Onaway City Commissioners voted unanimously to pay $132 to 2-1-1 Northeast Michigan, a free and confidential service to connect callers to food banks, physical and mental health services, employment support, and many others. Onaway City Clerk Kelli Stockwell said the program would give her an option for people who call city hall looking for this kind of help, and the mayor and commissioners voiced their support for the service.

Melinda Hambleton with Great Start Collaborative attended the city commissioner's meeting to speak about the call-in service's benefits. By calling the three-digit number, which went online in Presque Isle County about three weeks ago, county residents can be connected with housing commissions, job training programs, after-school programs and mental health crisis lines, among other services.

The service is also available to Alcona, Alpena and Montmorency residents, according to information from Northeast Michigan 2-1-1.

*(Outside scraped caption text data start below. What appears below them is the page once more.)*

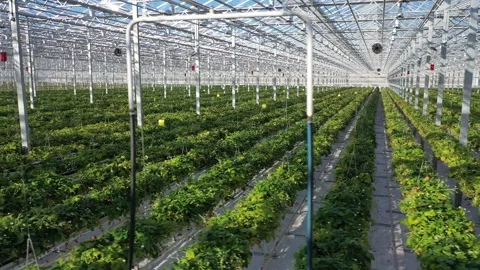 Drone moving sideways over strawberry plants Stock Footage 327494040
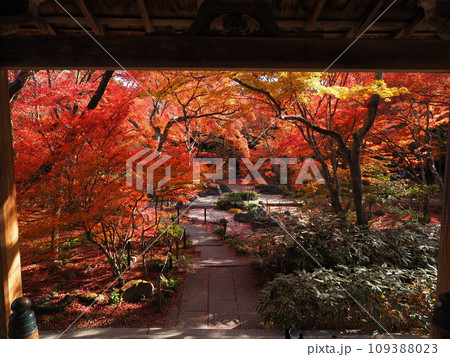 紅葉の嵯峨野宝筐院 109388023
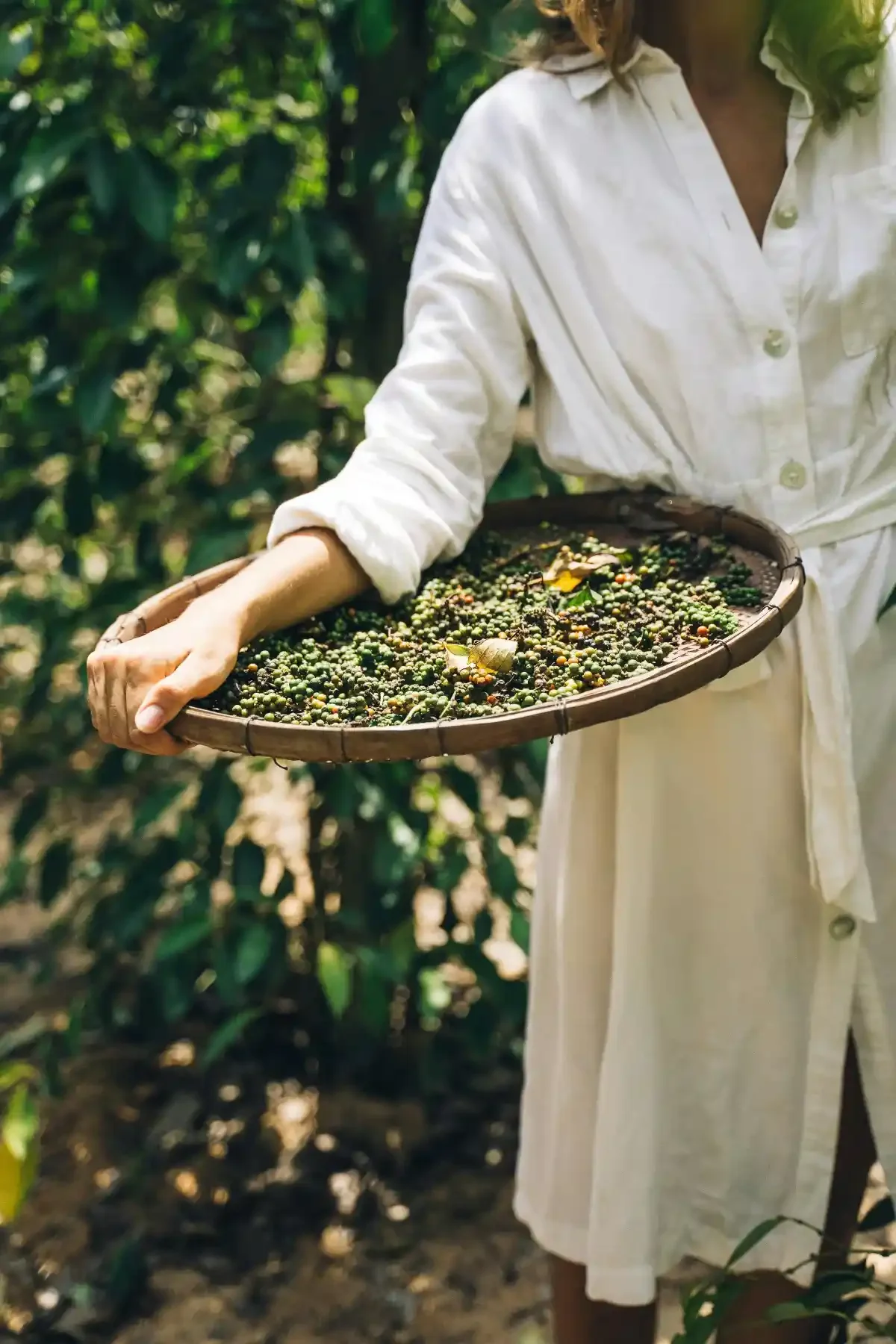 Woman in white linen dress holding round tray loaded with freshly harvested green peppercorns.
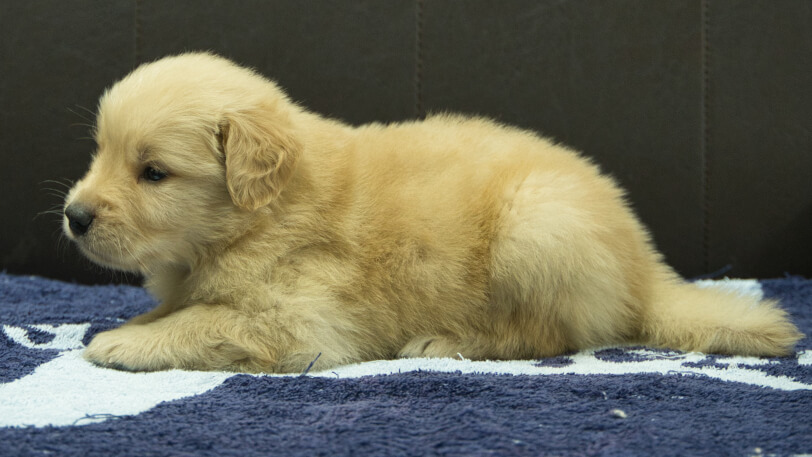 ゴールデンレトリーバーの子犬の写真No.202508203左側面9月23日現在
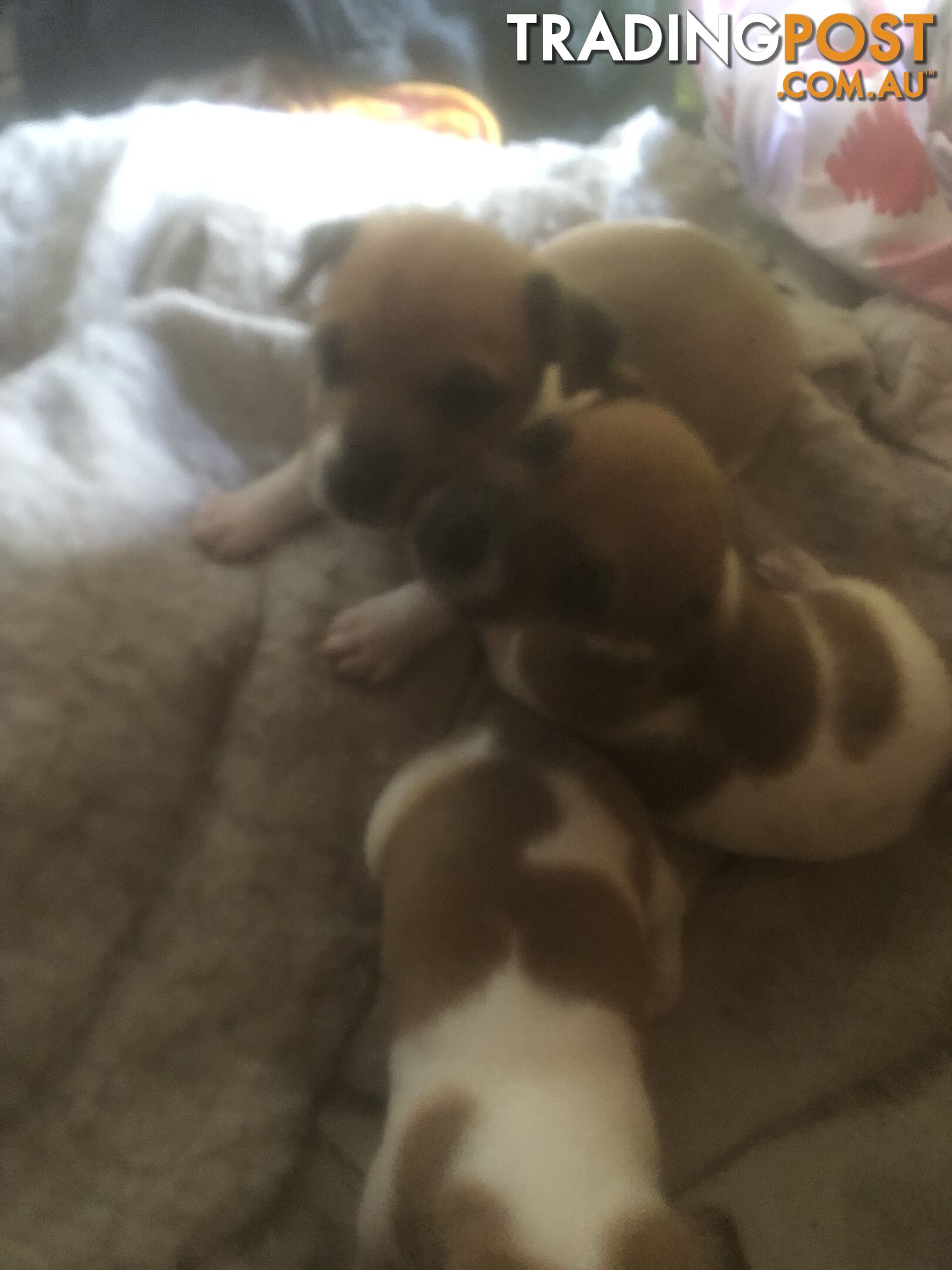 Jack Russell puppies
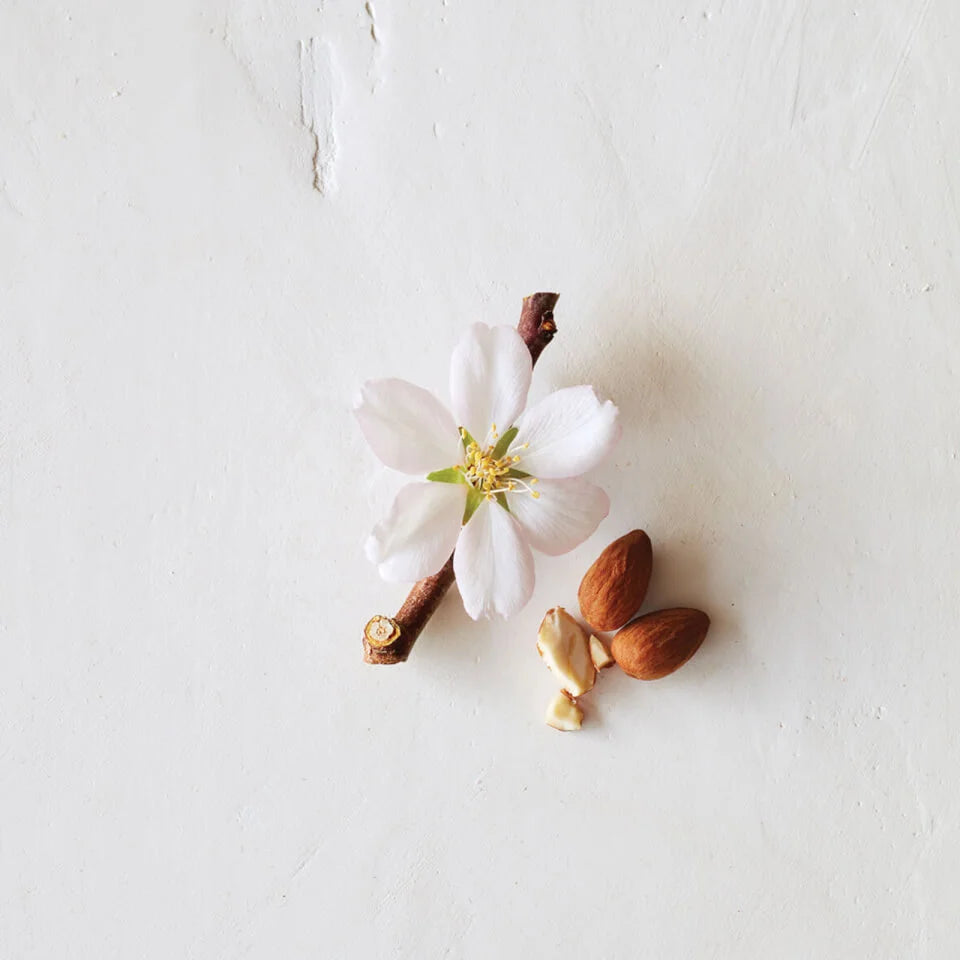 aveda-cherry-almond-conditioner-1000ml
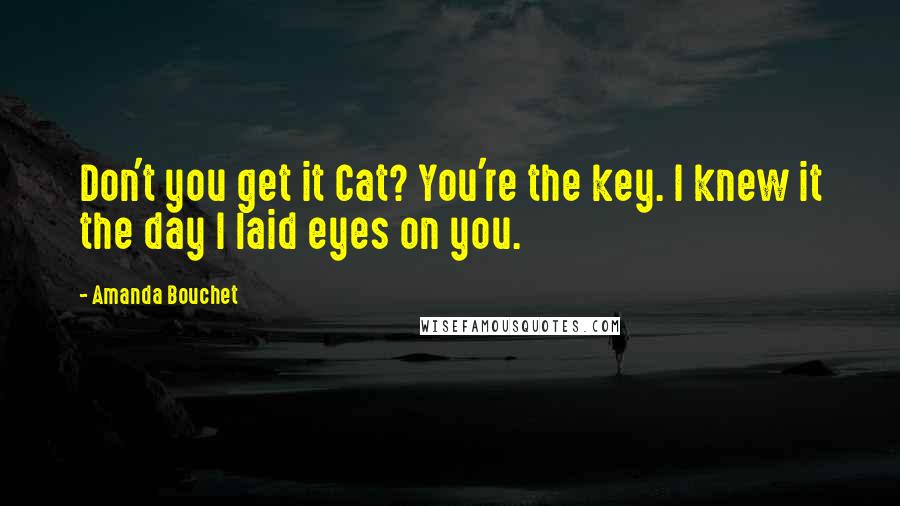 Amanda Bouchet Quotes: Don't you get it Cat? You're the key. I knew it the day I laid eyes on you.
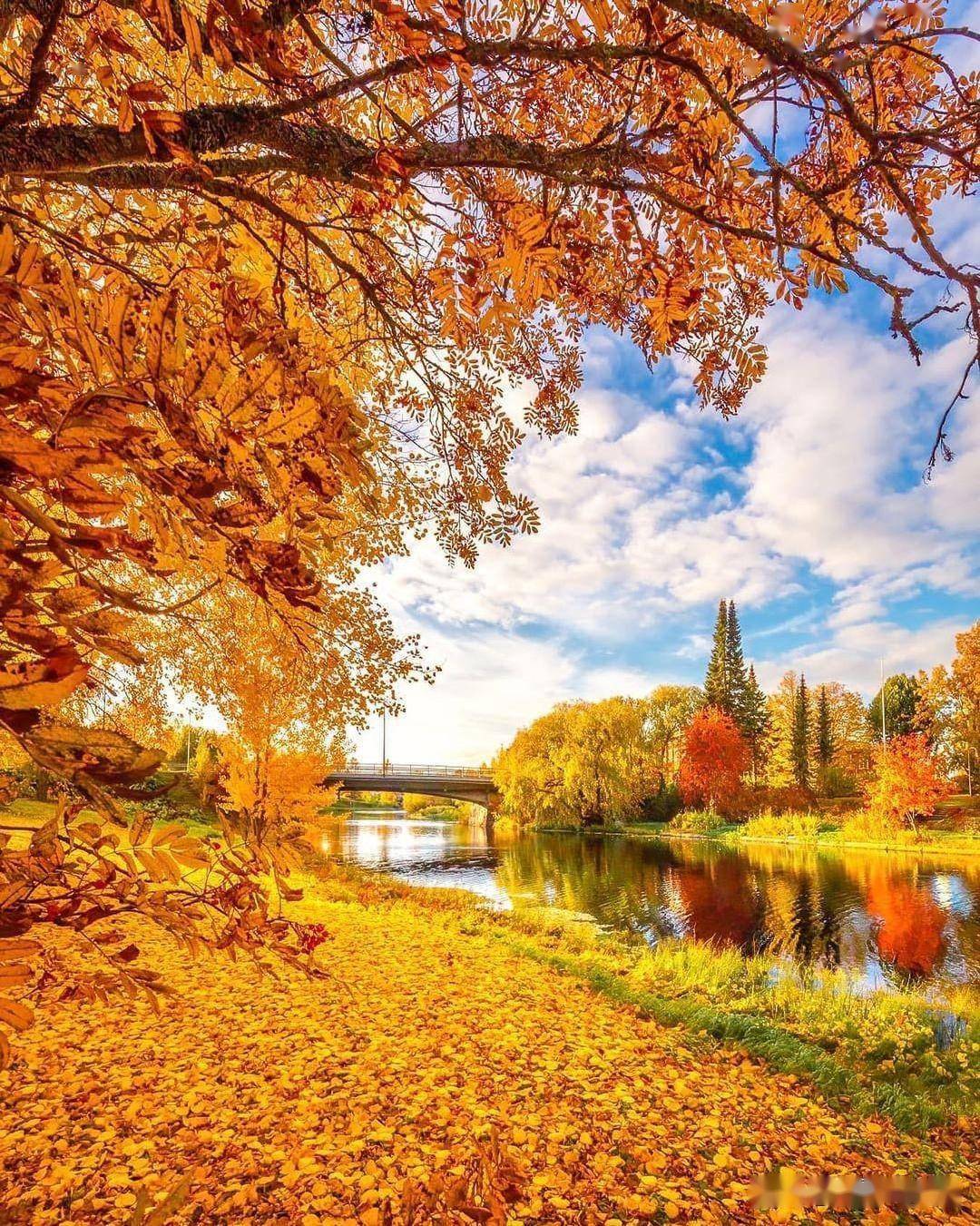 普通风景也能拍好看,这6个风光摄影技巧,新手看了就能会_画面_拍照片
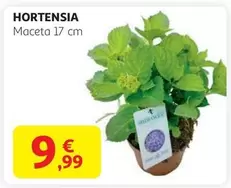 Oferta de Hortensia por 9,99€ en Alcampo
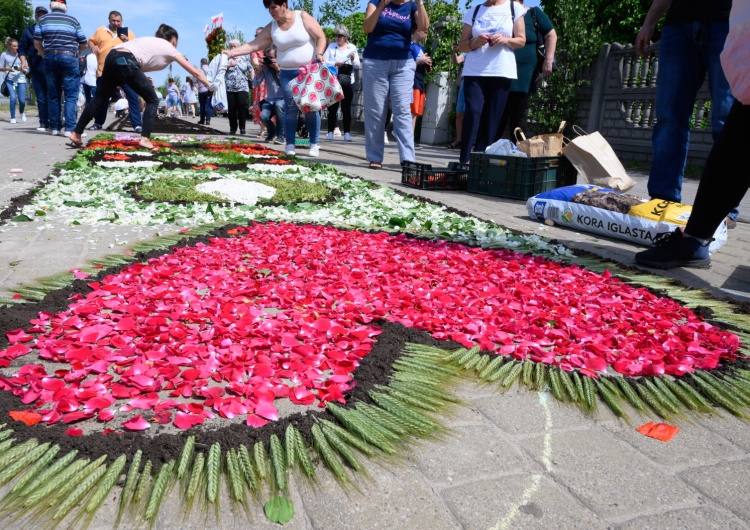tworzenie dywanu kwiatowego w Spycimierzu Polskie tradycje kwietnych dywanów na procesję Bożego Ciała na liście Dziedzictwa Kulturowego Ludzkości UNESCO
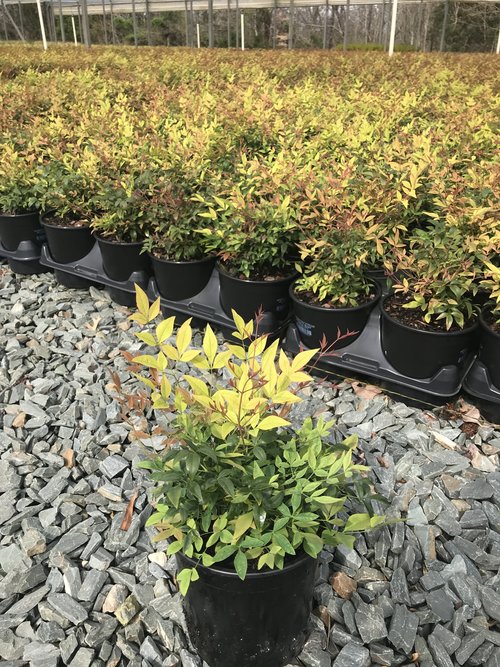 [12348198-3g-container] Gulf Stream Nandina - Compact Evergreen Shrub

Money to start the program came from local, state and federal grants, and Presque Isle County government contributed as well, Hambleton said. Now, to cover ongoing annual costs, the Presque Isle County Human Services Coordinating Council is asking the county's two cities and 15 townships to contribute 15 cents per person.

Mayor Gary Wregglesworth said he thinks the program will do "a lot of good for a lot of people," and for not a lot of money. He pointed out that the overall annual cost to serve the county's population of 13,376 is just over $2,000.

"I'm not super familiar with the program, but it looks like it's something that would make it easier for citizens to access information that they need," he said after the meeting.

Stockwell said city hall gets calls daily from people with questions about where to pay their taxes, or how to access other services. Directing them to the 211 number means she'll spend less time finding the information herself, and residents can quickly get the up-to-date information they need.

"People with utility bills that need help, instead of us having to go through the whole list or maybe - you know, that list isn't even updated - we can give them the 211 information, and then they can call 211 and get the most current places where they can get help with their utility bills," she said.

So far, Onaway is the second local government to support the service, Hambleton said. Ocqueoc Township officials have responded to the request, indicating the township will pay its share, at $98.50 for 655 people.

If other townships in the county don't support service for the county, Northeast Michigan 2-1-1 coordinators would raise money through grants or local fundraisers, Hambleton said. This would be similar to what the Human Services Coordinating Council did to raise funds to get the program started.

In other business, the city will participate in a non-binding financial assessment of its water system by the Michigan Department of Environmental Quality. The department will look over the system's budget, rate structures and other aspects, and potentially give recommendations for changes.